%%
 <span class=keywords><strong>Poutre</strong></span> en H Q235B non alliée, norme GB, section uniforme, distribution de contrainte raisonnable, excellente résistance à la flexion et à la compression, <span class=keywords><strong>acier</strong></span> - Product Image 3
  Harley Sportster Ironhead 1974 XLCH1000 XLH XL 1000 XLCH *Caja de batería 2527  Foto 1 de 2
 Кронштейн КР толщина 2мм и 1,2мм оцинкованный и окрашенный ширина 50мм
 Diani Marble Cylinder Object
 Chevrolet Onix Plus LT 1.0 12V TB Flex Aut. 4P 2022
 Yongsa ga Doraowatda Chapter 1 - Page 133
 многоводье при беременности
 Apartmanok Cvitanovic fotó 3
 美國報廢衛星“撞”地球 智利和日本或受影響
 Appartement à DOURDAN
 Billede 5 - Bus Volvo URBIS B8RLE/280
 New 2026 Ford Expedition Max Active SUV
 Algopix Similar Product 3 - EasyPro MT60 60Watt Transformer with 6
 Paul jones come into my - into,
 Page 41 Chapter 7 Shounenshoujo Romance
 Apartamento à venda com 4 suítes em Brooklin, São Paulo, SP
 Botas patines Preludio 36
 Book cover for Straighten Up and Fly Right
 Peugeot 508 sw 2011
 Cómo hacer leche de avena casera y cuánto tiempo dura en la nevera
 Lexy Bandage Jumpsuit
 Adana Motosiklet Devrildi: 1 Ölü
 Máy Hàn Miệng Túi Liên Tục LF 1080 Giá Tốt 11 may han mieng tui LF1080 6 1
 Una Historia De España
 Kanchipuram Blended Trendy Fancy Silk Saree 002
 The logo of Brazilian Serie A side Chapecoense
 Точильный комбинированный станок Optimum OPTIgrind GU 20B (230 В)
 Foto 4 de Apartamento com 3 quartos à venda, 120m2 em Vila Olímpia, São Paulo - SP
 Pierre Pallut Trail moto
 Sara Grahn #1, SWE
%%
* _Task to carry out_:
Copy the whole listing once more, exactly.

* _Result for this exercise_:
 <span class=keywords><strong>Poutre</strong></span> en H Q235B non alliée, norme GB, section uniforme, distribution de contrainte raisonnable, excellente résistance à la flexion et à la compression, <span class=keywords><strong>acier</strong></span> - Product Image 3
  Harley Sportster Ironhead 1974 XLCH1000 XLH XL 1000 XLCH *Caja de batería 2527  Foto 1 de 2
 Кронштейн КР толщина 2мм и 1,2мм оцинкованный и окрашенный ширина 50мм
 Diani Marble Cylinder Object
 Chevrolet Onix Plus LT 1.0 12V TB Flex Aut. 4P 2022
 Yongsa ga Doraowatda Chapter 1 - Page 133
 многоводье при беременности
 Apartmanok Cvitanovic fotó 3
 美國報廢衛星“撞”地球 智利和日本或受影響
 Appartement à DOURDAN
 Billede 5 - Bus Volvo URBIS B8RLE/280
 New 2026 Ford Expedition Max Active SUV
 Algopix Similar Product 3 - EasyPro MT60 60Watt Transformer with 6
 Paul jones come into my - into,
 Page 41 Chapter 7 Shounenshoujo Romance
 Apartamento à venda com 4 suítes em Brooklin, São Paulo, SP
 Botas patines Preludio 36
 Book cover for Straighten Up and Fly Right
 Peugeot 508 sw 2011
 Cómo hacer leche de avena casera y cuánto tiempo dura en la nevera
 Lexy Bandage Jumpsuit
 Adana Motosiklet Devrildi: 1 Ölü
 Máy Hàn Miệng Túi Liên Tục LF 1080 Giá Tốt 11 may han mieng tui LF1080 6 1
 Una Historia De España
 Kanchipuram Blended Trendy Fancy Silk Saree 002
 The logo of Brazilian Serie A side Chapecoense
 Точильный комбинированный станок Optimum OPTIgrind GU 20B (230 В)
 Foto 4 de Apartamento com 3 quartos à venda, 120m2 em Vila Olímpia, São Paulo - SP
 Pierre Pallut Trail moto
 Sara Grahn #1, SWE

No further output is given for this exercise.